▸ **WHAT THE TASK ASKS**
All lines from the one bearing "3 bedroom Townhouse" through the end of the data below must be printed exactly as they stand, with pictures removed.

(Records from a data collection)
———

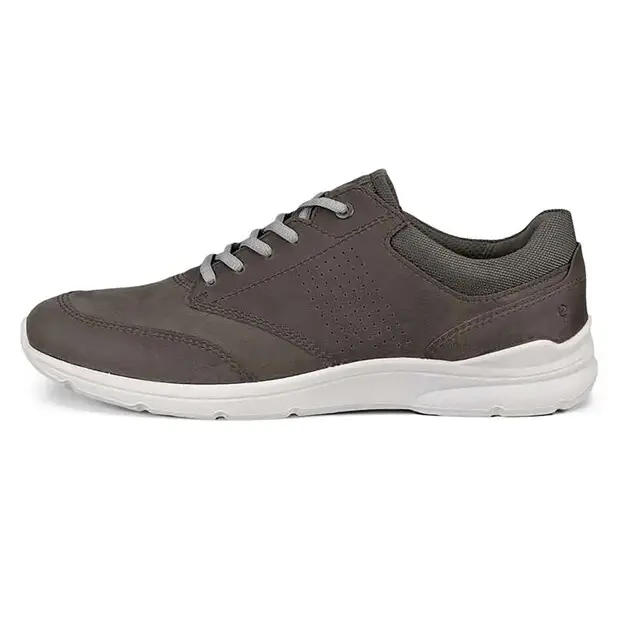 ECCO Irving Tarmac Maat 49 Budget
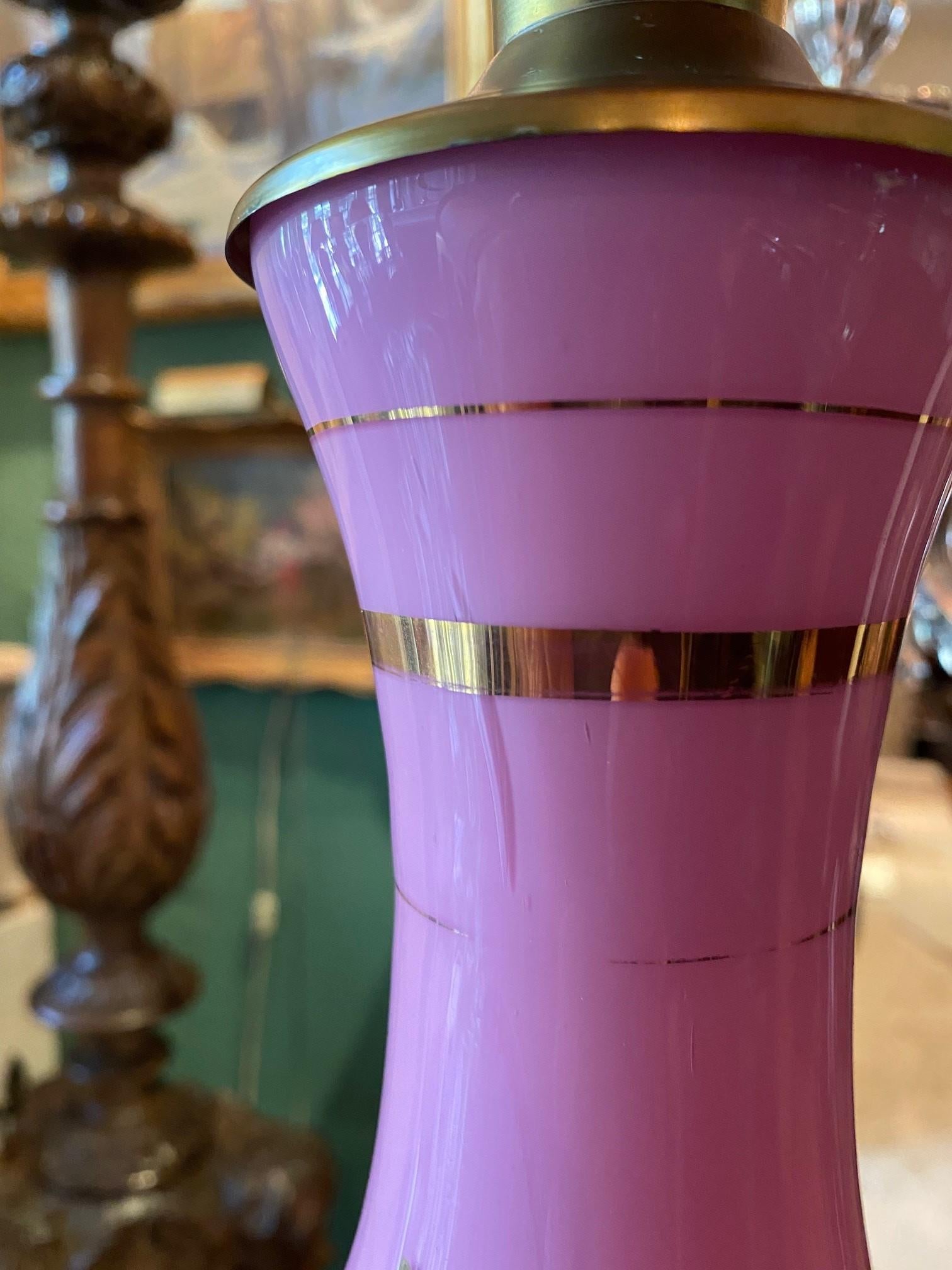 A.I.C. Paire de lampes de table rose Vase en verre opalin Lampes de chevet Antiquités en vente 12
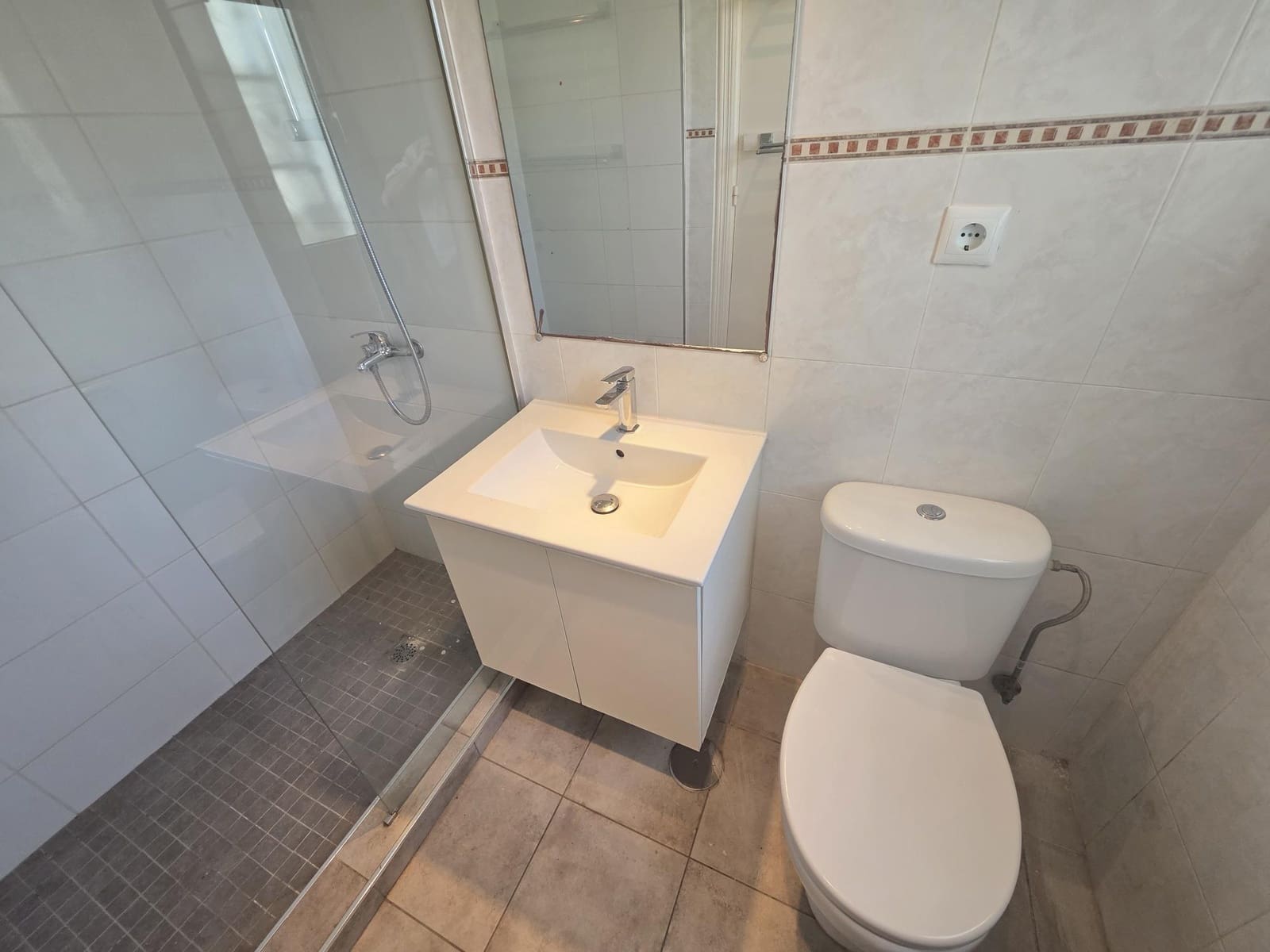 3 bedroom Townhouse for sale in Bel-Air with pool garage - € 295,000 (Ref: 9834616)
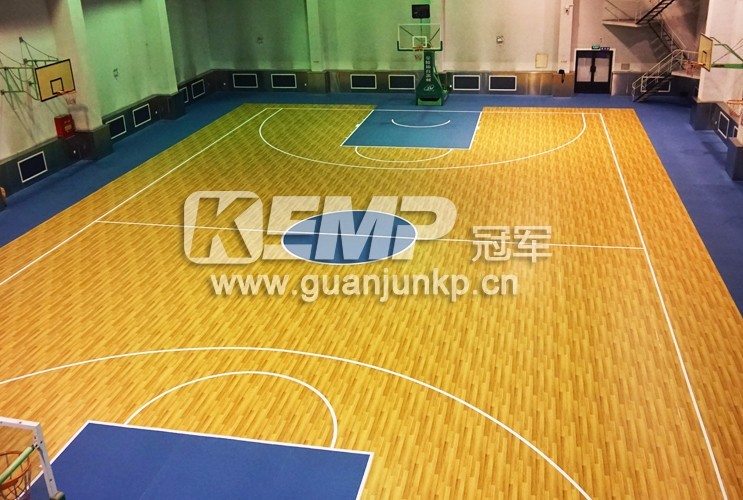 籃球運動地板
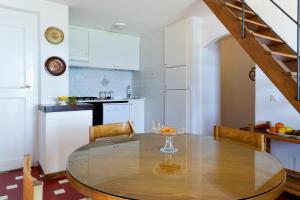 Una cocina con una mesa de madera y un comedor. en Casa a 10m dal Mare, en Palau 52 fotos más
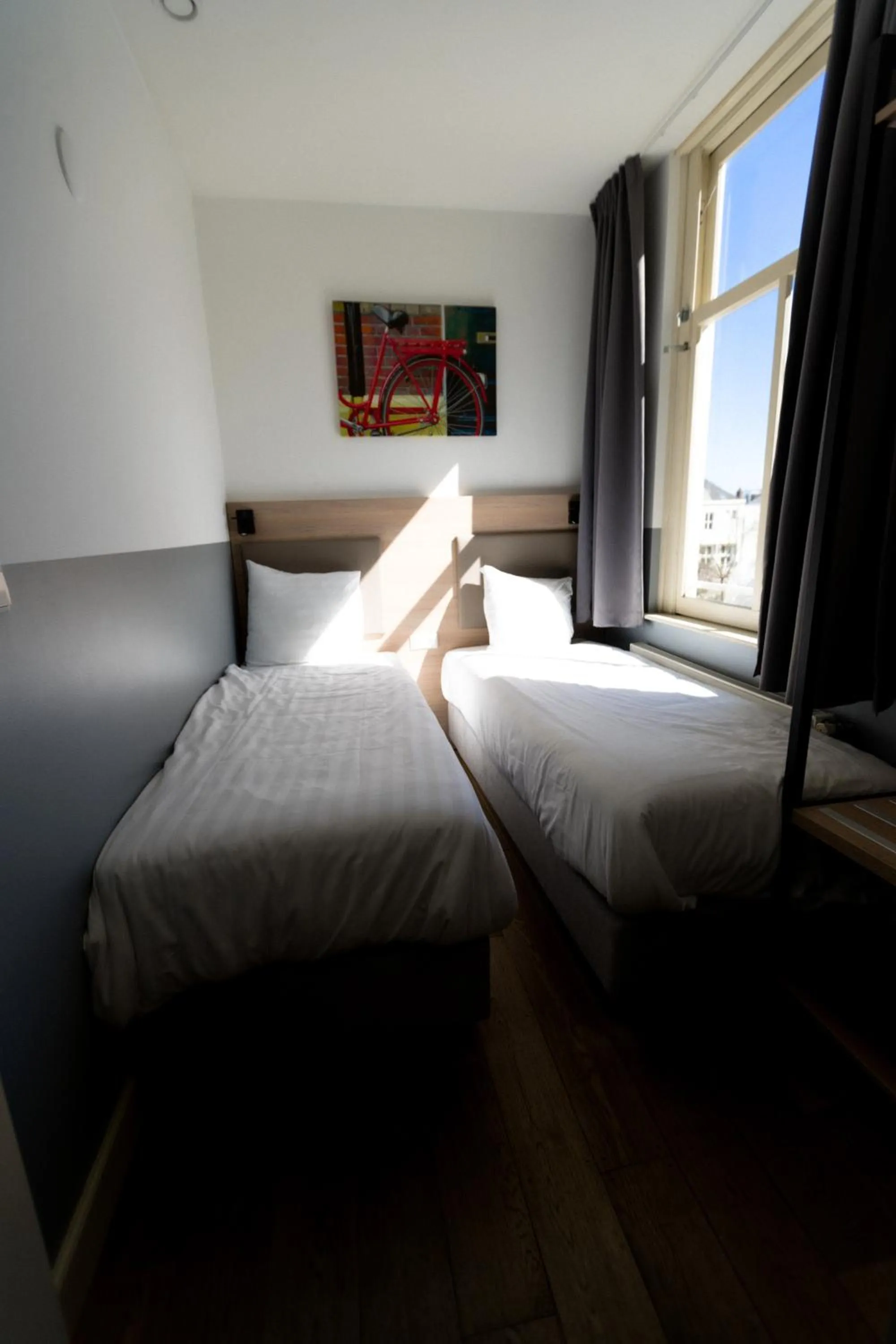 Bedroom, Bed in Plantage Hortus Apartments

———

▸ **RESPONSE BELOW**
 3 bedroom Townhouse for sale in Bel-Air with pool garage - € 295,000 (Ref: 9834616)
 籃球運動地板
 Una cocina con una mesa de madera y un comedor. en Casa a 10m dal Mare, en Palau 52 fotos más
 Bedroom, Bed in Plantage Hortus Apartments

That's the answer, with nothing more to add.